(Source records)

**********

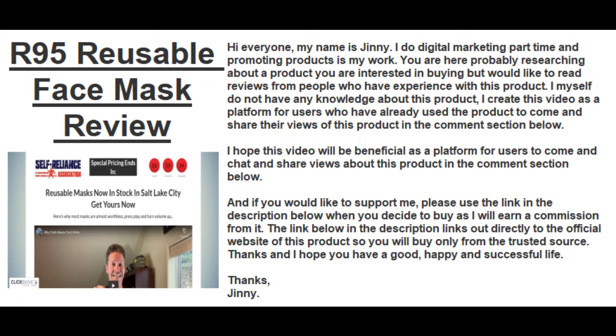I myself do not have any knowledge about this product. I created this video as a platform for users who have already used the product to come and share their views in the comment section below. I hope this video will be beneficial as a platform for users to come and chat and share views. If you would like to support me, please use the link in the description below when you decide to buy, as I will earn a commission from it.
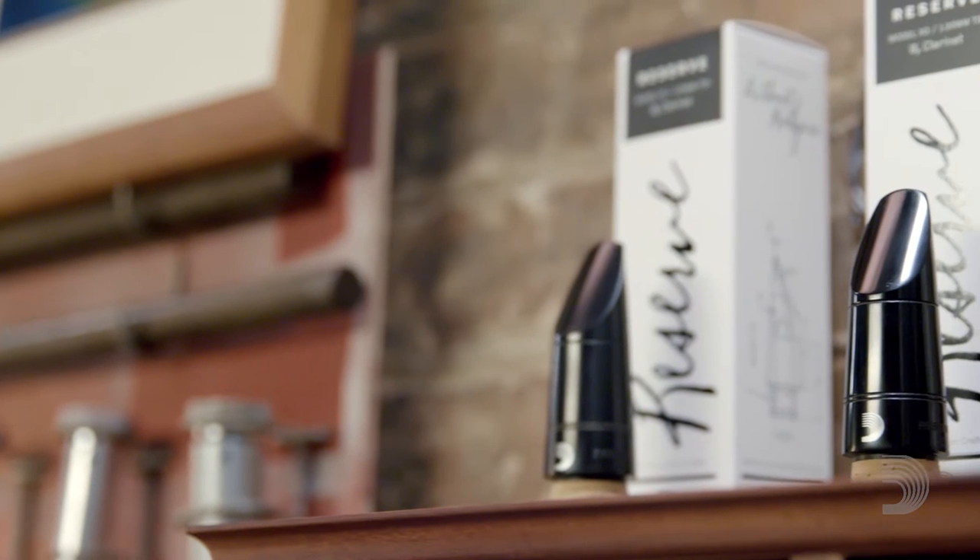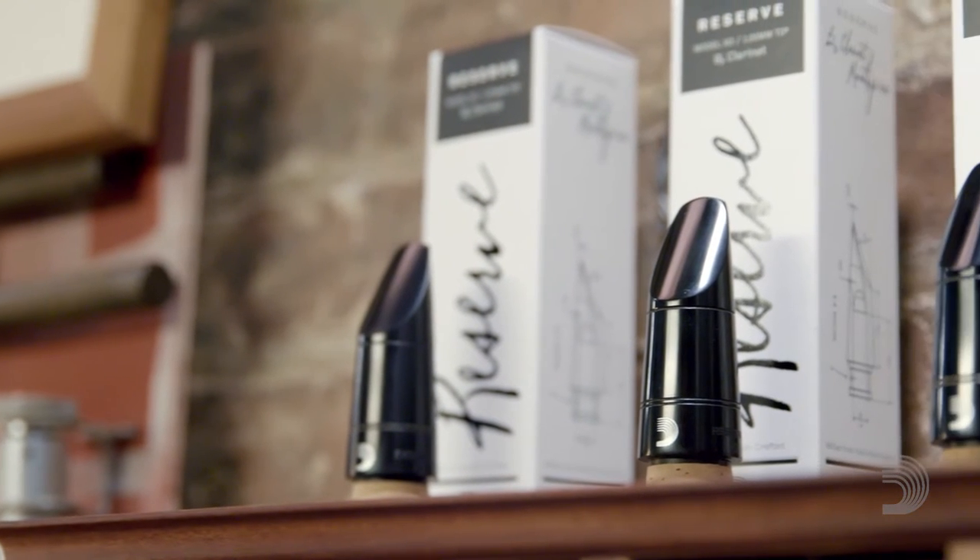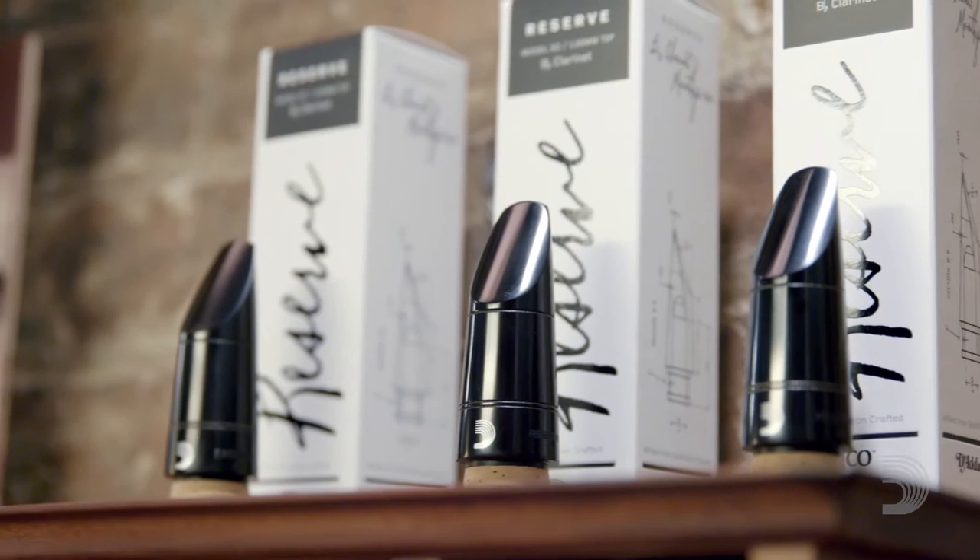Let's talk about selecting a mouthpiece. What are some of the things that people need to consider before actually going out and selecting a mouthpiece? They have to consider which of the three types of mouthpiece they want to choose: open, medium, or close. Open, medium, and close is referring to the facing, which is the curvature on the mouthpiece in relation to where it is with the reed.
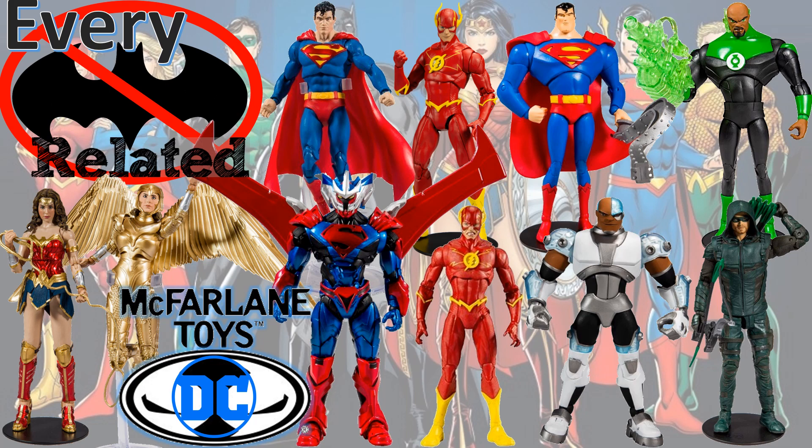What's up, you guys? This is Zack Jack Dan back with another Every DC video. This time we're talking about every non-Batman-related Batman in Fallen Toys DC Multiverse figure.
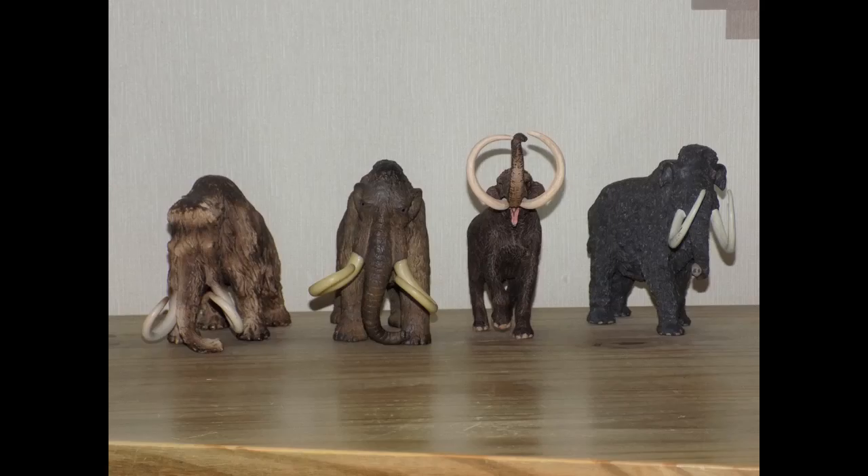Now for sizing. Here is the steppe mammoth alongside three of my other woolly mammoth figures: Schleich, Papo, and Safari Limited Carnegie woolly mammoth. He looks great with his hairy cousins.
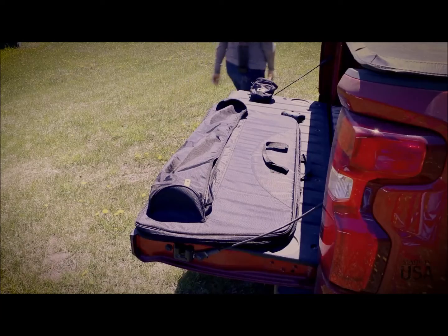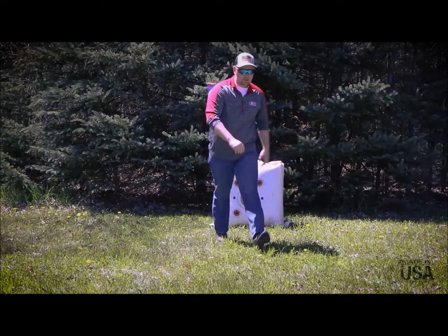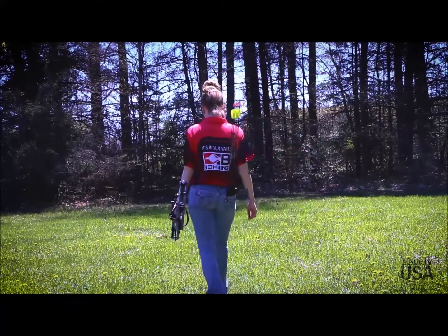Slip it into your back pocket or put it in your pack or bow case so you're always ready to go. Stop by your local archery shop or visit boning.com to get one today.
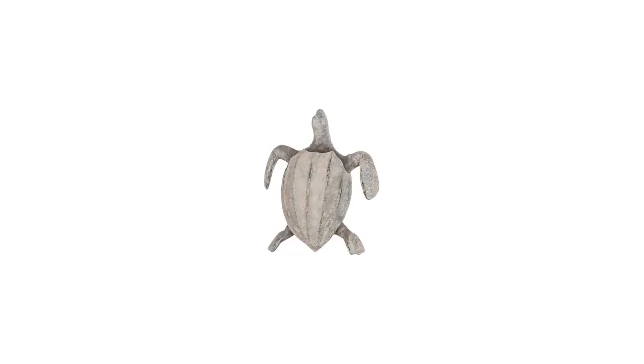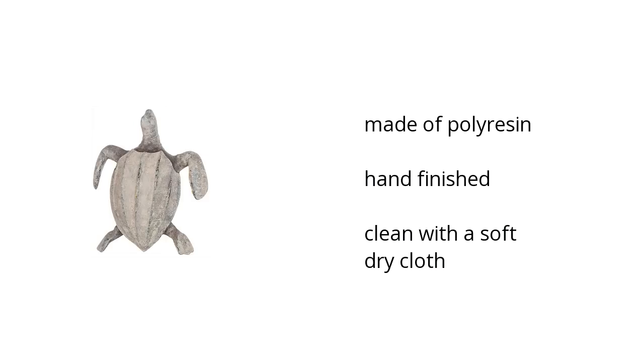Here are the top features of the Home Accents Turtle Sculpture. It's made of poly resin, is hand-finished, and should be cleaned with a soft, dry cloth.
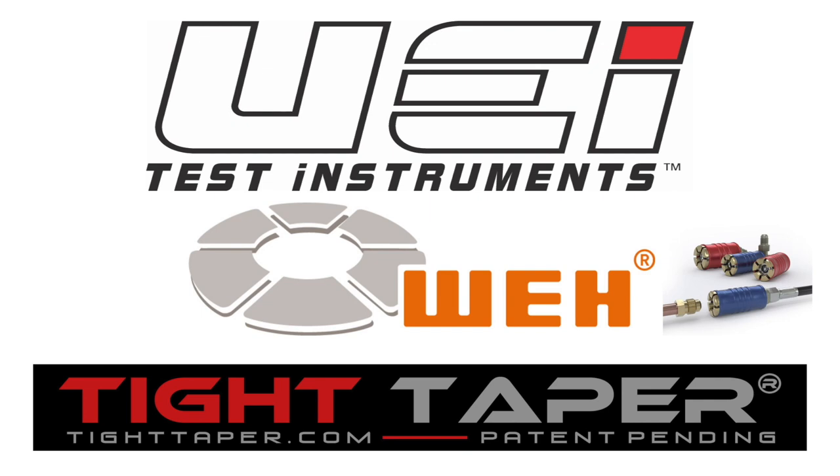This video is brought to you by our wonderful sponsors: UEI Test Instruments, Essential Instruments, Outstanding Service, the Quick Connects by Way Technologies, and the Tight Taper — making tight places to tape a breeze.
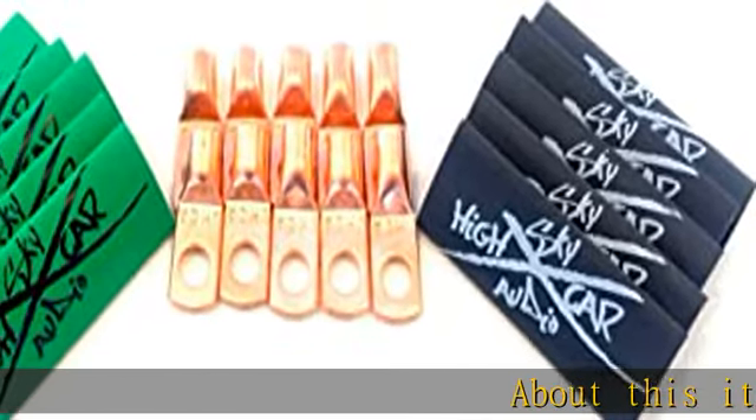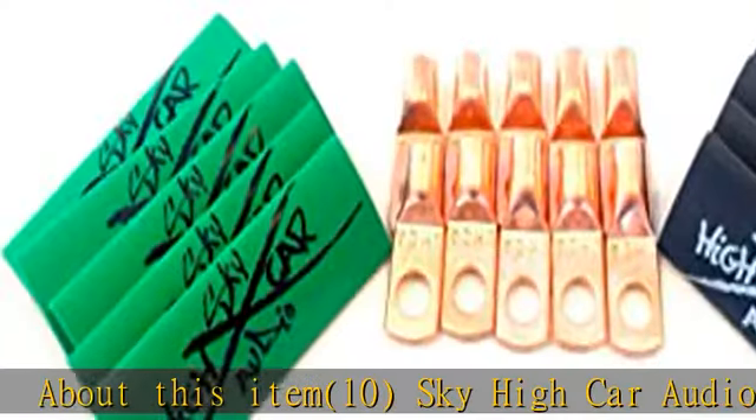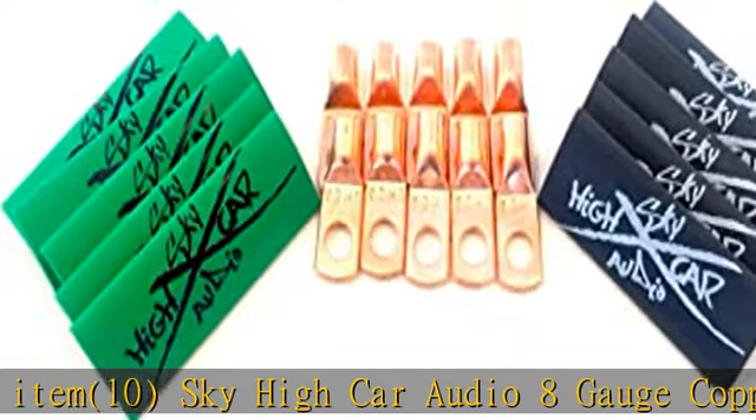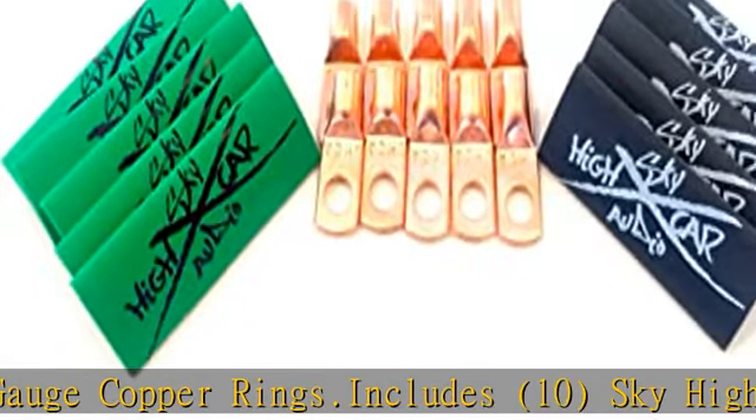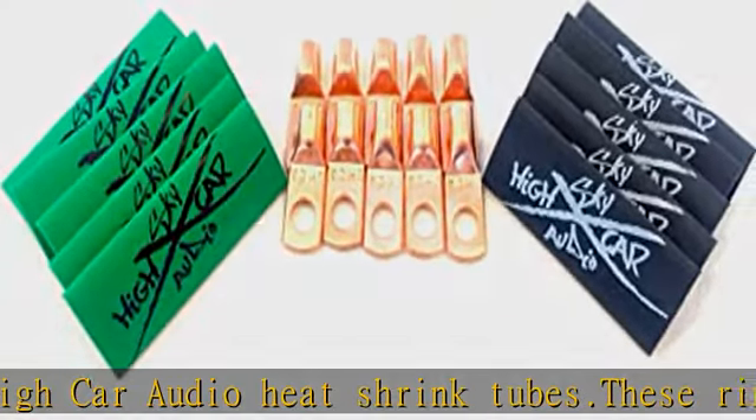About this item: 10 Sky High Car Audio 8 gauge copper rings. Includes 10 Sky High Car Audio heat shrink tubes. These ring terminals will fit Sky High wire; these may be too big for most 8 gauge wire. We have multiple colors — please see our Amazon store for our different options.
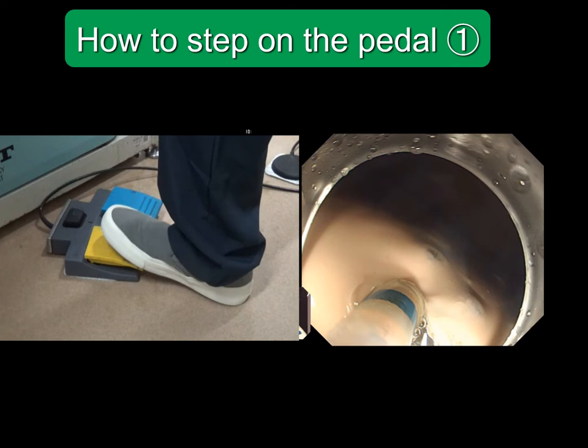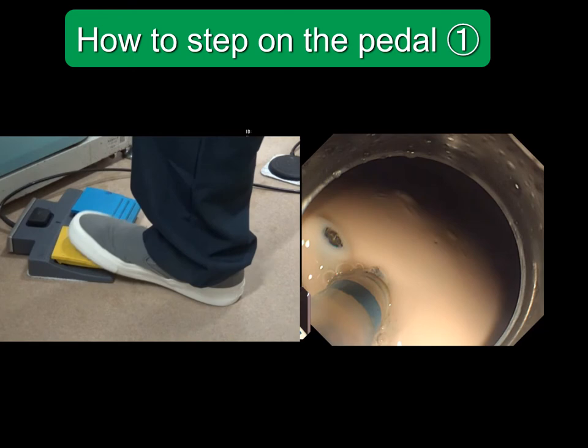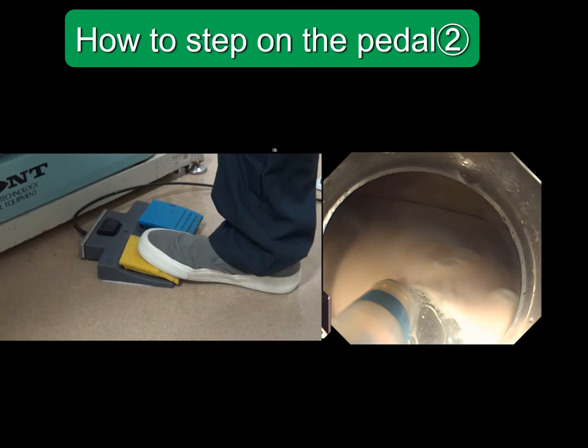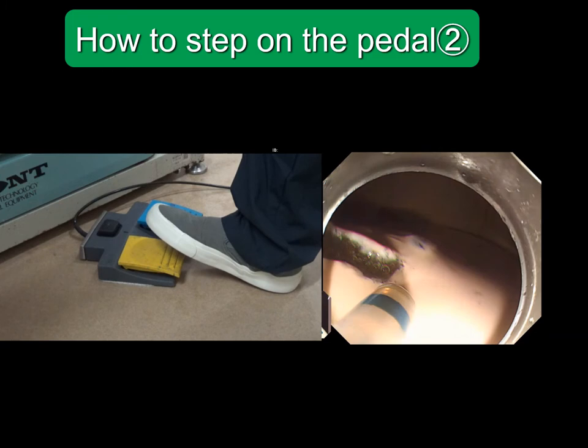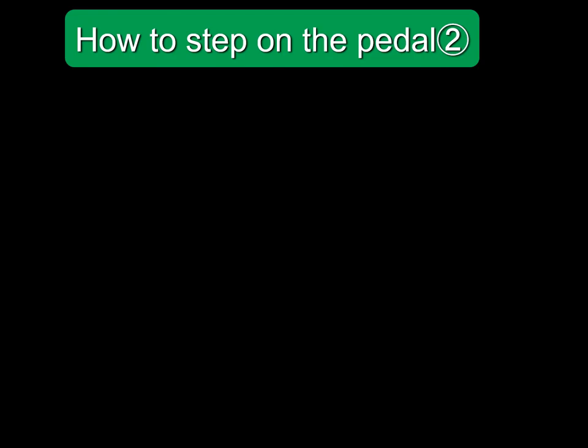I will show you how to step on the pedal. It is better to step on the pedal intermittently like this — this method is safe for beginners. It is difficult to control the knife if you step on the pedal continuously; this method is dangerous for beginners and I don't recommend it.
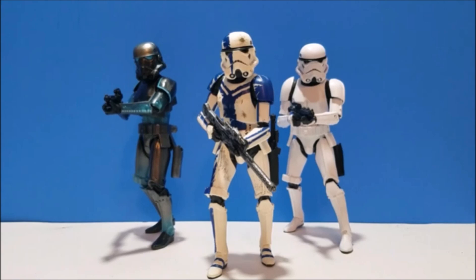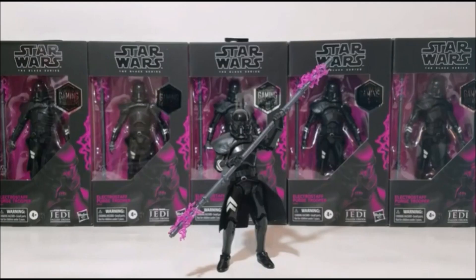Next honorable mention is the Gaming Greats Purge Trooper with the electro staff — one I was really excited to get. I actually pre-ordered six of them and I don't regret it at all. It's just an objectively cool figure, but everything else in my top 10 is a better figure. It's still a great one and you wouldn't be hurting your collection by picking it up.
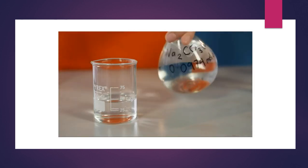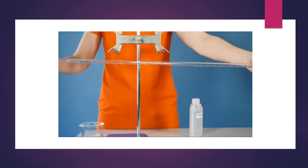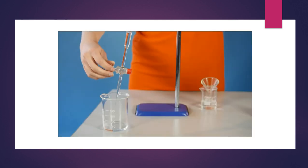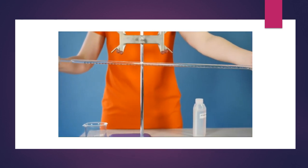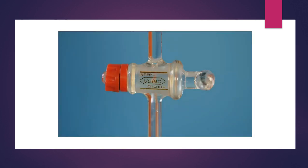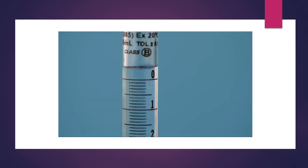Pour approximately 50 cm³ of your stock sodium carbonate solution into a dry clean beaker. Rinse the burette several times with distilled water. Using the funnel, add a little of the sodium carbonate solution to rinse through the burette above and below the tap. Discard the rinsings and repeat two more times — this makes sure that you do not dilute the solution when you fill the burette. Fill the burette with sodium carbonate solution above the zero mark and remove the funnel. Allow the solution to flow until the level is at or just below the zero mark, and ensure there are no air bubbles in the nozzle. These can be removed by running a little more solution through the tap.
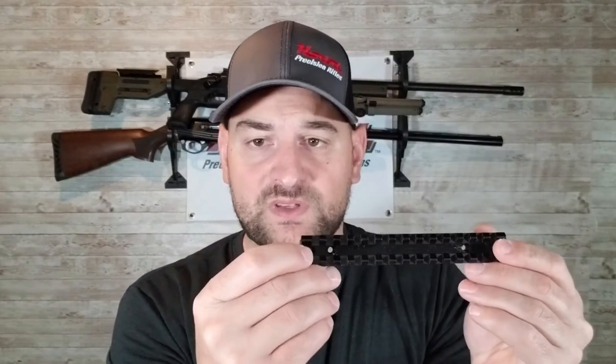When looking at scope bases, you also want to look at the type of screw. This is a cheaper Weaver base and it has a flat head screw. Flat head screws tend to deform and strip out a lot easier — using a flat head with a lot of torque tends to strip it out or damage the screw head. I don't recommend getting ones with a flat head screw. I recommend getting the ones with a Torx head screw — it looks like a star inside — those tend to work a lot better and usually they're better quality metal as well.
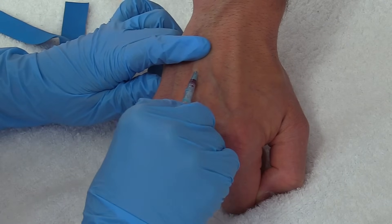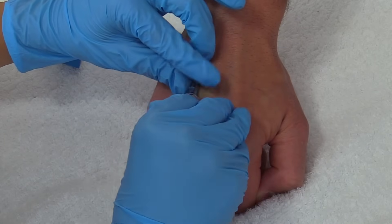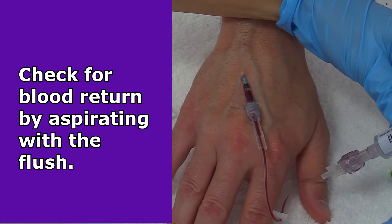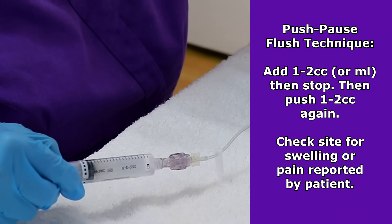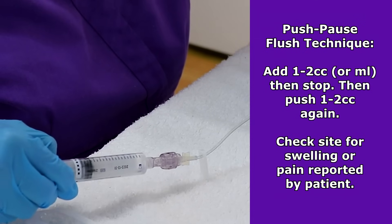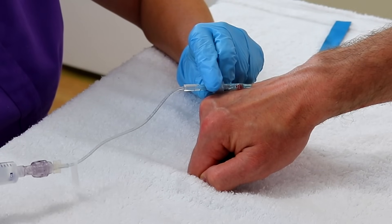I want to connect this and then twist it on, making sure it is nice and secure because you don't want it to get loose. First I'm going to check for blood return — and we have it. Then I'm going to flush the IV using a push-pause flush of about three to five cc's — one to two cc's, pause, flush again one to two. I'm looking at the site; it's not bubbling up, which would indicate infiltration. And how does the site feel to you? Feels fine, doesn't hurt. And it looks great.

**********

Before printing anything, remove the pictures; then print all the records exactly.

**Output of the task:**
I myself do not have any knowledge about this product. I created this video as a platform for users who have already used the product to come and share their views in the comment section below. I hope this video will be beneficial as a platform for users to come and chat and share views. If you would like to support me, please use the link in the description below when you decide to buy, as I will earn a commission from it.
Let's talk about selecting a mouthpiece. What are some of the things that people need to consider before actually going out and selecting a mouthpiece? They have to consider which of the three types of mouthpiece they want to choose: open, medium, or close. Open, medium, and close is referring to the facing, which is the curvature on the mouthpiece in relation to where it is with the reed.
What's up, you guys? This is Zack Jack Dan back with another Every DC video. This time we're talking about every non-Batman-related Batman in Fallen Toys DC Multiverse figure.
Now for sizing. Here is the steppe mammoth alongside three of my other woolly mammoth figures: Schleich, Papo, and Safari Limited Carnegie woolly mammoth. He looks great with his hairy cousins.
Slip it into your back pocket or put it in your pack or bow case so you're always ready to go. Stop by your local archery shop or visit boning.com to get one today.
Here are the top features of the Home Accents Turtle Sculpture. It's made of poly resin, is hand-finished, and should be cleaned with a soft, dry cloth.
This video is brought to you by our wonderful sponsors: UEI Test Instruments, Essential Instruments, Outstanding Service, the Quick Connects by Way Technologies, and the Tight Taper — making tight places to tape a breeze.
About this item: 10 Sky High Car Audio 8 gauge copper rings. Includes 10 Sky High Car Audio heat shrink tubes. These ring terminals will fit Sky High wire; these may be too big for most 8 gauge wire. We have multiple colors — please see our Amazon store for our different options.
I will show you how to step on the pedal. It is better to step on the pedal intermittently like this — this method is safe for beginners. It is difficult to control the knife if you step on the pedal continuously; this method is dangerous for beginners and I don't recommend it.
Next honorable mention is the Gaming Greats Purge Trooper with the electro staff — one I was really excited to get. I actually pre-ordered six of them and I don't regret it at all. It's just an objectively cool figure, but everything else in my top 10 is a better figure. It's still a great one and you wouldn't be hurting your collection by picking it up.
Pour approximately 50 cm³ of your stock sodium carbonate solution into a dry clean beaker. Rinse the burette several times with distilled water. Using the funnel, add a little of the sodium carbonate solution to rinse through the burette above and below the tap. Discard the rinsings and repeat two more times — this makes sure that you do not dilute the solution when you fill the burette. Fill the burette with sodium carbonate solution above the zero mark and remove the funnel. Allow the solution to flow until the level is at or just below the zero mark, and ensure there are no air bubbles in the nozzle. These can be removed by running a little more solution through the tap.
When looking at scope bases, you also want to look at the type of screw. This is a cheaper Weaver base and it has a flat head screw. Flat head screws tend to deform and strip out a lot easier — using a flat head with a lot of torque tends to strip it out or damage the screw head. I don't recommend getting ones with a flat head screw. I recommend getting the ones with a Torx head screw — it looks like a star inside — those tend to work a lot better and usually they're better quality metal as well.
I want to connect this and then twist it on, making sure it is nice and secure because you don't want it to get loose. First I'm going to check for blood return — and we have it. Then I'm going to flush the IV using a push-pause flush of about three to five cc's — one to two cc's, pause, flush again one to two. I'm looking at the site; it's not bubbling up, which would indicate infiltration. And how does the site feel to you? Feels fine, doesn't hurt. And it looks great.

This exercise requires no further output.